» **Action item**: Among the entries below, which lines run from the line with "2013 TOYOTA VENZA LE" through the line with "1984 Porsche 911"? Retype those, both ends included, exactly and without pictures.

» **Data supplied**:
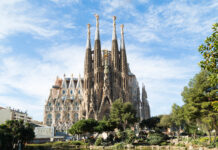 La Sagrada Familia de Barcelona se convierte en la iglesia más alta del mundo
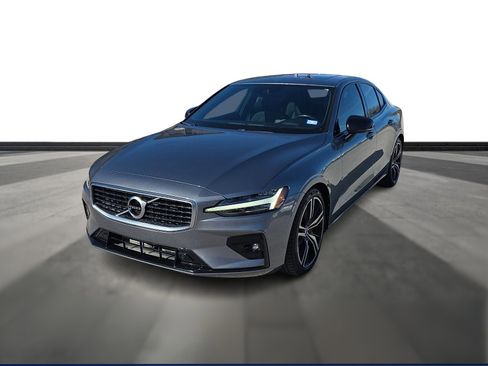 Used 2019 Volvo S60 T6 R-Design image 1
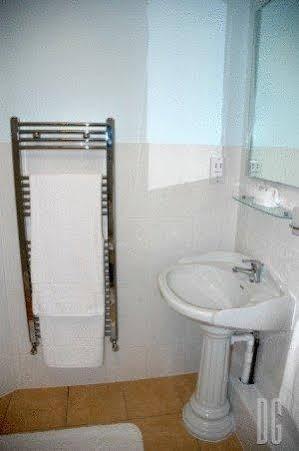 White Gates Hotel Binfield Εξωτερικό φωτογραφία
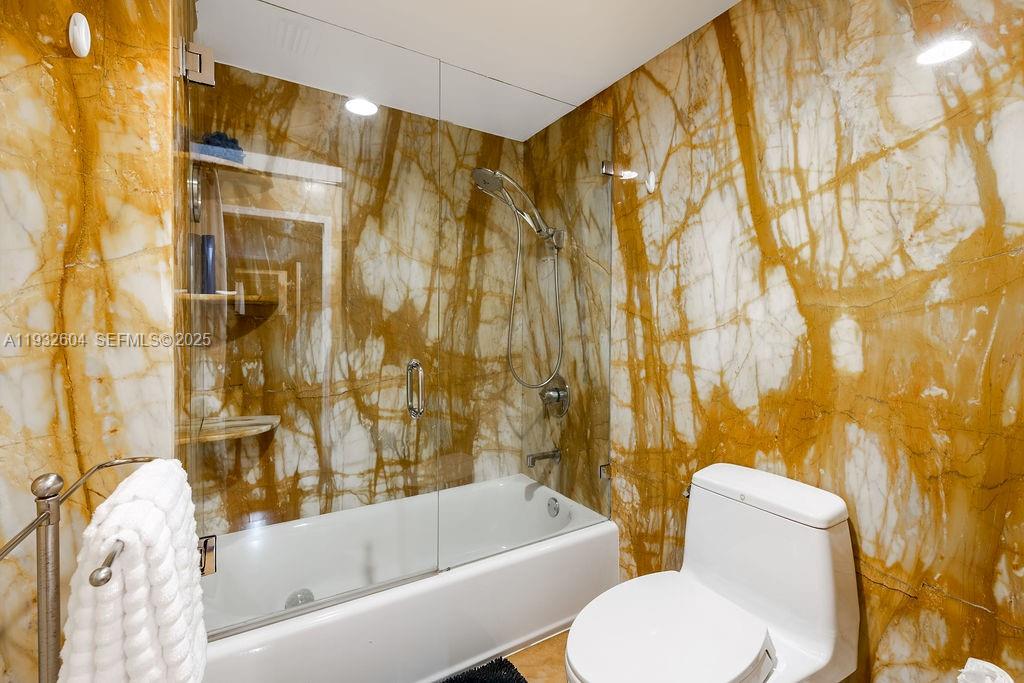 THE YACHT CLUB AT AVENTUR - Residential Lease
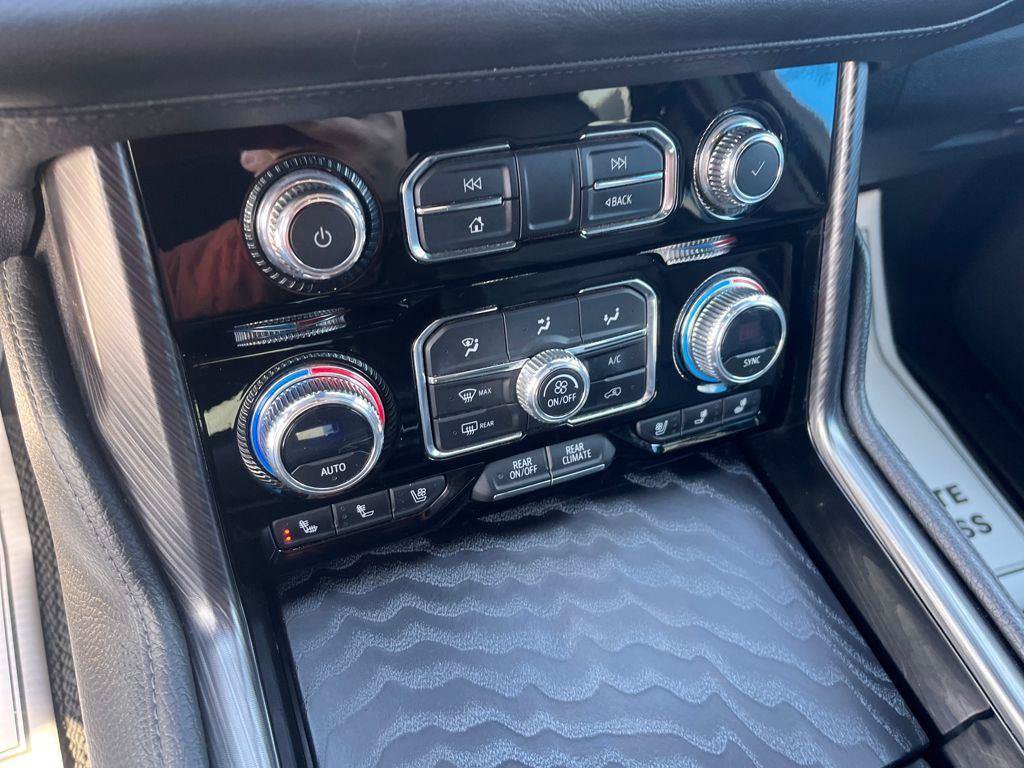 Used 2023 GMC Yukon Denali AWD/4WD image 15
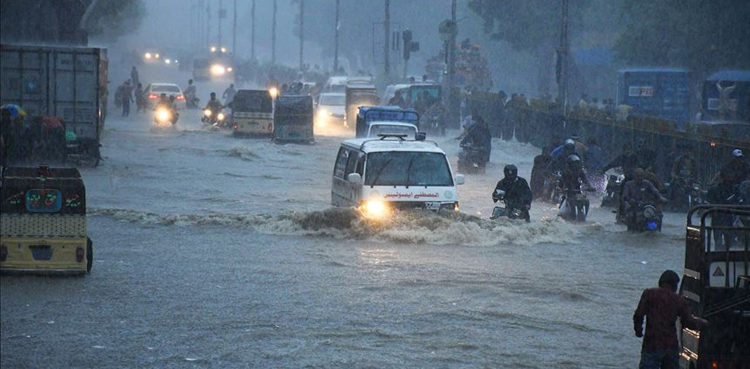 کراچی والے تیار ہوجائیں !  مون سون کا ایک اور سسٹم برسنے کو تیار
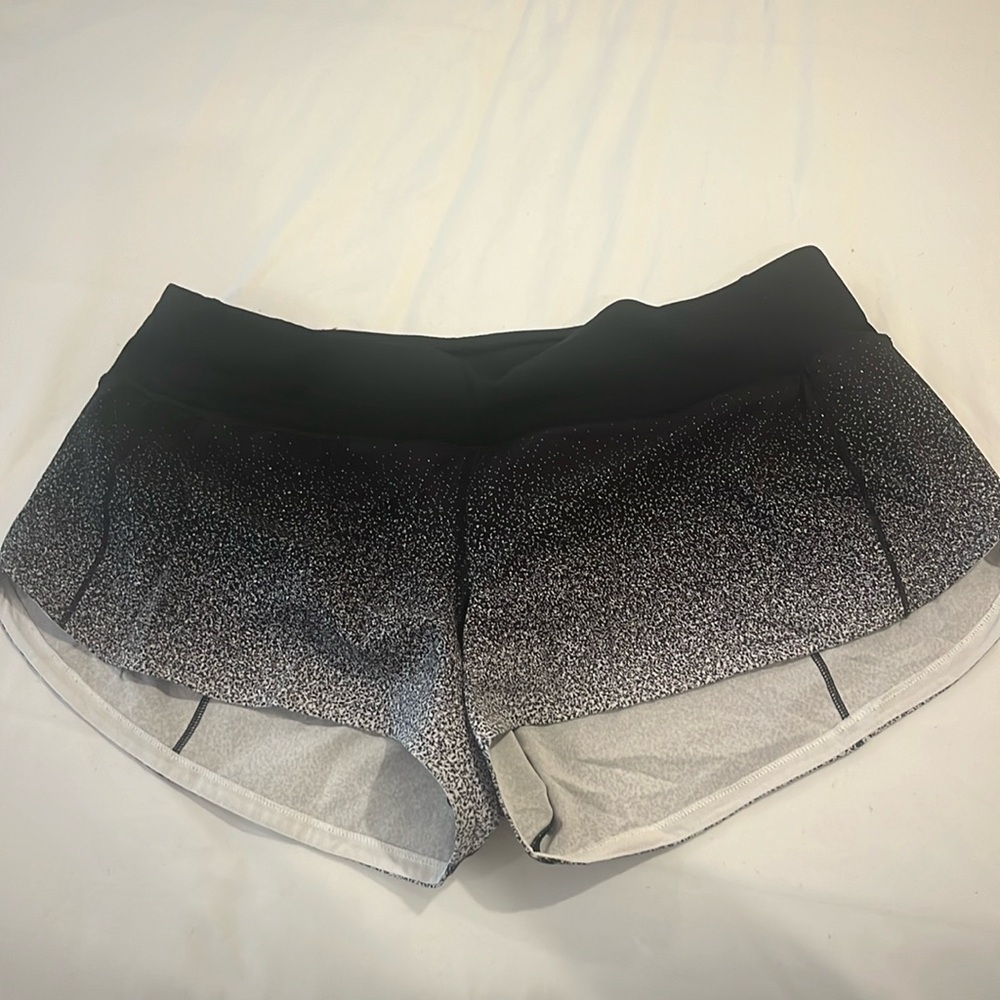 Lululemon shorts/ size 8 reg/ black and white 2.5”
...
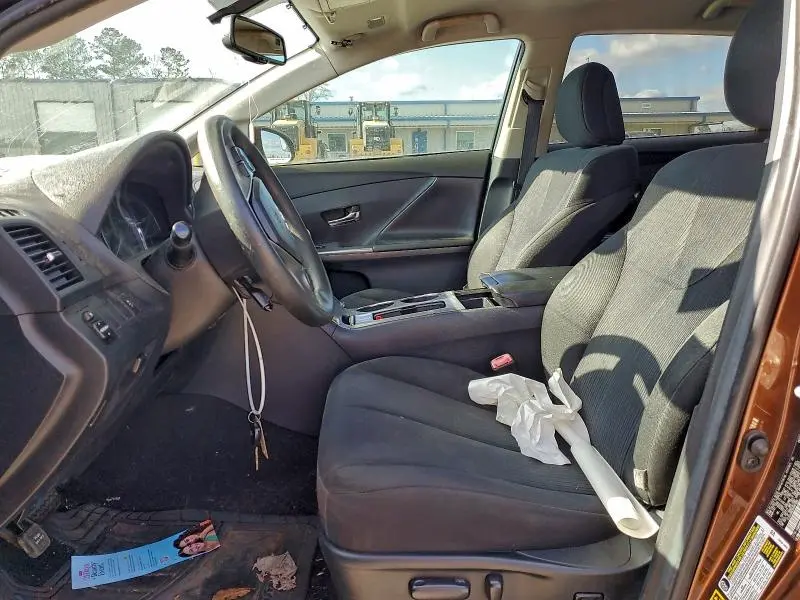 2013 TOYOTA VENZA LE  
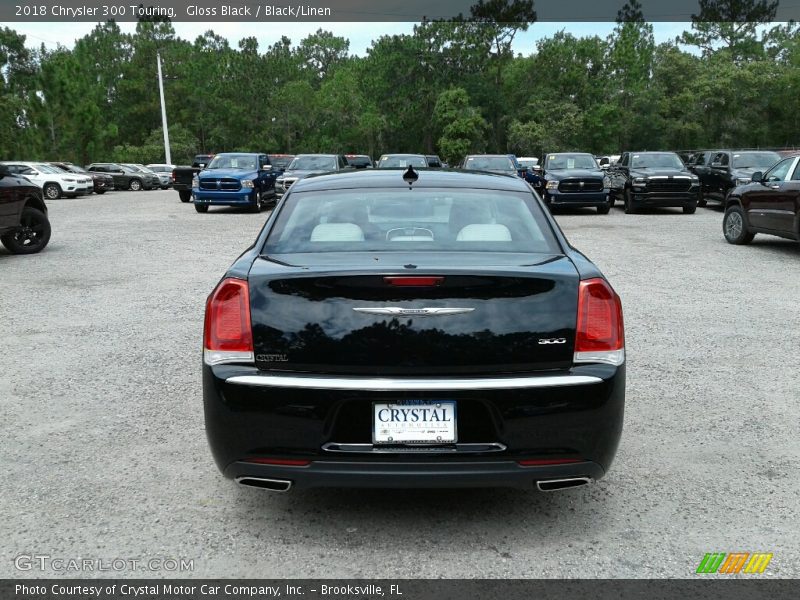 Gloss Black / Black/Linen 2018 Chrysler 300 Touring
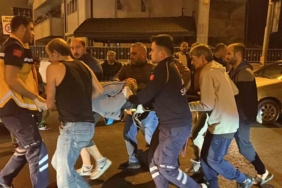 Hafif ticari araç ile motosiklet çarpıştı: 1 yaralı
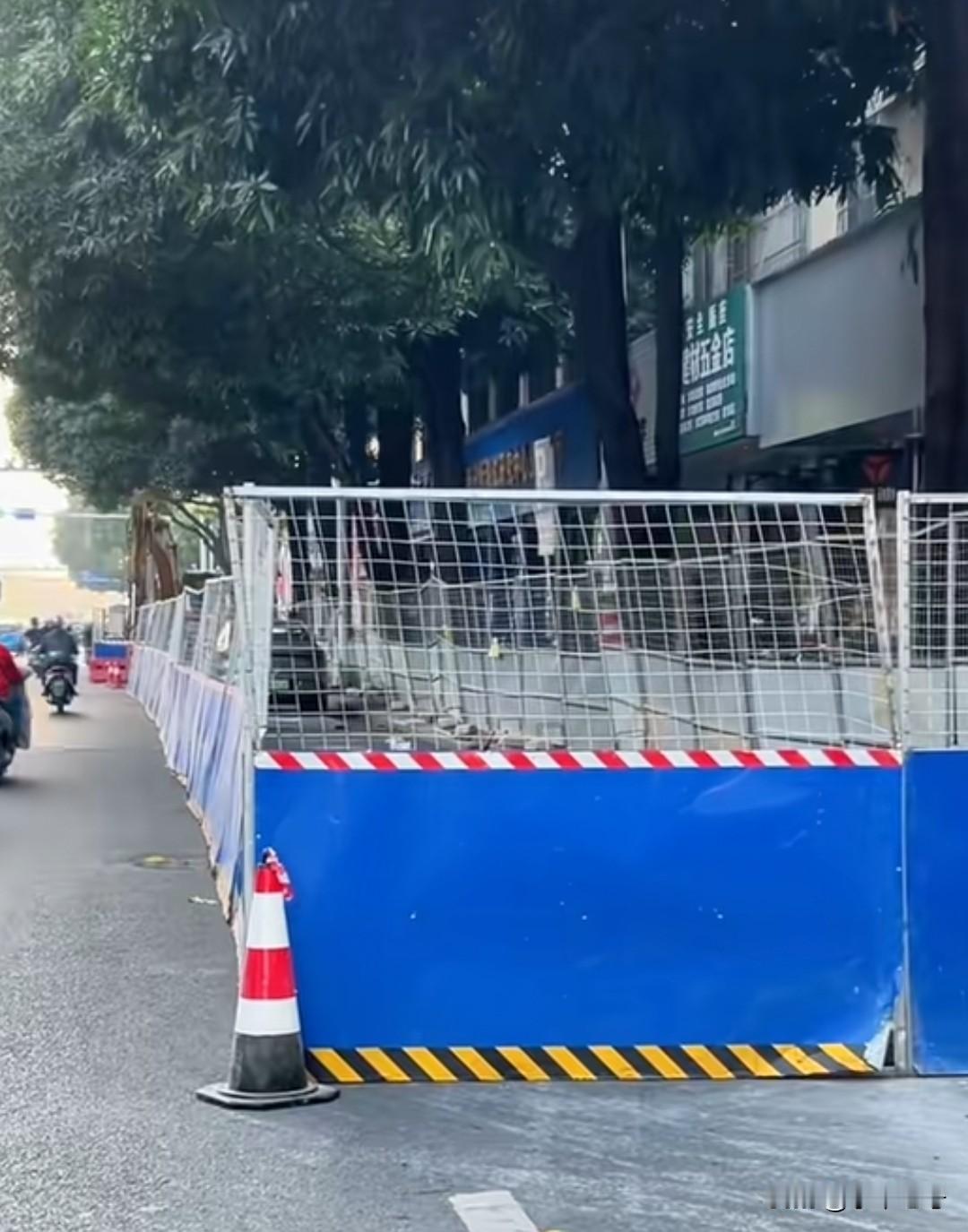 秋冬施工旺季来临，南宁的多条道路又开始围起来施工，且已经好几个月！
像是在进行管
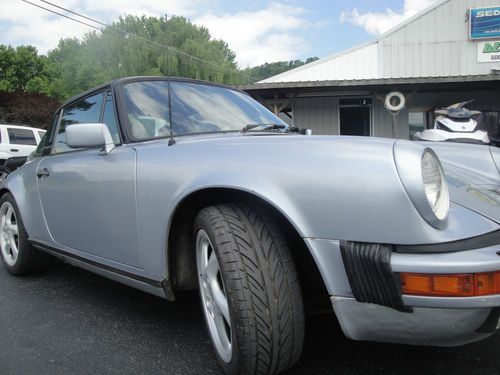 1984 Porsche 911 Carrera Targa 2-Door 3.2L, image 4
* * *
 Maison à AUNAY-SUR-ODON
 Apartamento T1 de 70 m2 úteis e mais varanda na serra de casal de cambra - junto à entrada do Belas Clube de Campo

» **Exercise answer**:
 2013 TOYOTA VENZA LE  
 Gloss Black / Black/Linen 2018 Chrysler 300 Touring
 Hafif ticari araç ile motosiklet çarpıştı: 1 yaralı
 秋冬施工旺季来临，南宁的多条道路又开始围起来施工，且已经好几个月！
像是在进行管
 1984 Porsche 911 Carrera Targa 2-Door 3.2L, image 4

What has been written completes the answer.